À la fin de l’année 2022, le gouvernement fédéral, par l’intermédiaire de la ministre de l’Agriculture et de l’Agroalimentaire Marie-Claude Bibeau, a annoncé fournir des indemnisations pour les producteurs touchés par les répercussions de l’Accord Canada-États-Unis-Mexique (ACEUM). Ainsi, les producteurs et les transformateurs de lait, de volailles et d’oeufs se partageront plus de 1,7 milliard $ sous forme de paiements directs et de programmes d’investissement.

Une bonne nouvelle pour les producteurs canadiens touchés notamment par la hausse des prix.

Par Jonathan SEMAH

“Promesse faite, promesse tenue. » C’est par ces mots que la ministre de l’Agriculture et de l’Agroalimentaire a fait cette annonce importante. « Nous nous étions engagés à compenser de façon pleine et équitable les pertes de marchés subies par les producteurs et les transformateurs de lait, de volailles et d’oeufs et voilà qui est fait », avait-elle ajouté dans un communiqué de presse.

Pierre Lampron est un producteur laitier de la Mauricie au Québec, mais aussi le président des Producteurs laitiers du Canada (PLC) depuis 2017. Il a accueilli positivement cette nouvelle. « On nous a dit d’attendre, on a été patients, on a enfin été livrés. Un politicien qui tient ses promesses, c’est apprécié. Surtout dans le contexte économique difficile. On avait peur de tomber dans l’oubli, mais on avait déjà de premières compensations et cette dernière va se rajouter. »

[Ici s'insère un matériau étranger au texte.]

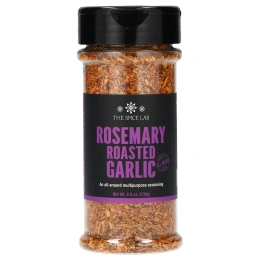 The Spice Lab, приправа с розмарином и жареным чесноком, 138 г (4,9 унции)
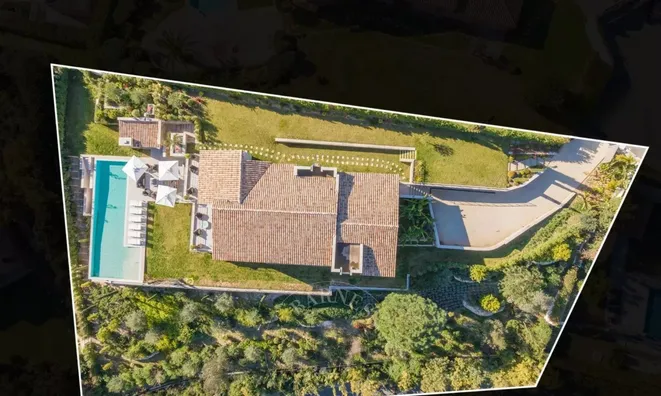 Недвижимость Maison Cannes Croix Gardes: 26
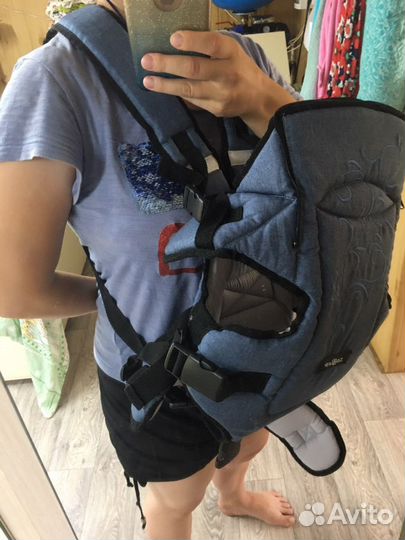 Эргорюкзак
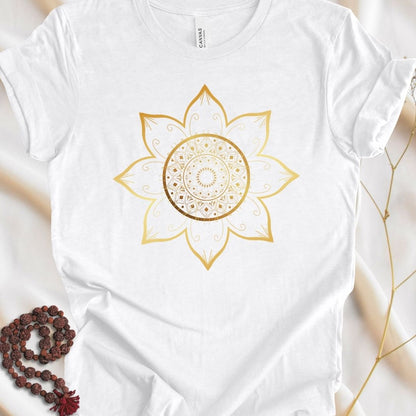 Inner Bloom Mandala T-shirt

Dans le détail, le gouvernement a déjà expliqué comment ces 1,7 milliard $ seront répartis. 1,2 milliard $ sont prévus pour les producteurs laitiers du Canada en utilisant un program-me de paiements directs. 112 millions $ aux producteurs de volaille et d’oeufs dans le cadre du Programme d’investissement à la ferme pour la volaille et les oeufs. 105 millions $ pour soutenir les investissements dans les usines de transformation du lait, de la volaille et des oeufs dans le cadre du Fonds d’investissement pour la transformation des produits sous la gestion de l’offre. Et enfin, un autre 300 millions $ d’investissements est prévu pour les transformateurs laitiers du Canada en utilisant un nouveau programme d’innovation.

Pierre Lampron
Pierre Lampron, président des Producteurs laitiers du Canada lors de l’annonce sur la compensation pour l’impact de l’ACEUM le 14 novembre 2002 à Ascot Corner, Québec. La ministre Marie-Claude Bibeau est en arrière-plan. (photo : Gracieuseté Les Producteurs laitiers du Canada)

Pour rappel, ces indemnisations arrivent après plusieurs années d’accords commerciaux avec d’autres pays. L’accord transpacifique avec la zone Asie-Pacifique, l’accord économique et commercial global (AECG) ou encore le dernier en date l’ACEUM auraient fait perdre environ 18 % de parts de marchés aux producteurs canadiens. Pierre Lampron espère ne plus en perdre à l’avenir. « On ne veut plus être sacrifiés dans des ententes commerciales. On sait que c’est bon pour le pays, mais il ne faut pas sacrifier toujours le même secteur. On a eu quelques garanties verbales pour l’avenir. Mais si demain un nouveau gouvernement est amené à décider, ça peut changer pour nous aussi. »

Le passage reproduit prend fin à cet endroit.